The two matrix indices are a and c, not b and c, and treating them as a matrix is the definition of connection. You are doing rhetoric now, not honest science. I will delete my comment above yours. –  Ron Maimon Oct 25 '12 at 12:58
    
At any rate, your answer is wrong and my answer is right. –  Luboš Motl Oct 25 '12 at 21:07
    
yes, in the technical sense that I interpreted "commutator of connection coefficients" in a non-vacuous way. You were right about the OP's confusion, so +1. That's more rhetoric by the way, since we all agree on what happened. By the way, Lubos, you might be interested in Thomas Gold's book "The Deep Hot Biosphere", which makes the case (completely persuasively IMO) that we will never run out of oil, since oil is abiogenic and produced deep inside the Earth. While, unlike you, I believe in global warming and think this is a bad thing, it is still good science by Gold. –  Ron Maimon Oct 25 '12 at 23:21

No they don't commute in this sense, except you screwed up the commutator. It should be

$$\Gamma^{e}_{db}\Gamma^c_{ea} - \Gamma^c_{eb}\Gamma^{e}_{da}$$

Which is

$$ \Gamma_b \Gamma_a - \Gamma_a \Gamma_b $$

in a matrix form, where I have taken one upper and one lower index and suppressed them in the Christoffel symbol (which lower index doesn't matter, becuase of the symmetry on the lower indices). This has the interpretation I give below.

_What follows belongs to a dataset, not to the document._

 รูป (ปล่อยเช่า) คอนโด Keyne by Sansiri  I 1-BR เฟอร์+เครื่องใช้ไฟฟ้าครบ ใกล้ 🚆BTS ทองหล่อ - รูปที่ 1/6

The Christoffel symbols are the coordinate form of the infinitesimal rotations associated with parallel transporting a vector a ways along a short distance. If all the frames were orthonormal, the parallel transport would be SO rotations, and the infinitesimal form would be a bunch of stuff in the Lie Algebra of SO, and these are antisymmetric matrices (or the upper index representation of antisymmetric forms for the Lorentzian case). Their commutators tell you when the rotations corresponding to moving in a certain direction is noncommutative with the rotation corresponding to moving in another direction.

For a coordinate basis for the tangent space, the basis vectors are not orthonormal, so the connection coefficients don't obey the Lie algebra conditions, but they still stay noncommutative. You can easily verify this in a generic example by direct computation, but it is also obvious from those cases where you happen to choose coordinates where the coordinate basis is orthogonal, like spherical coordinates, and think about the different coordinate rotations associated with parallel transport in different infinitesimal directions.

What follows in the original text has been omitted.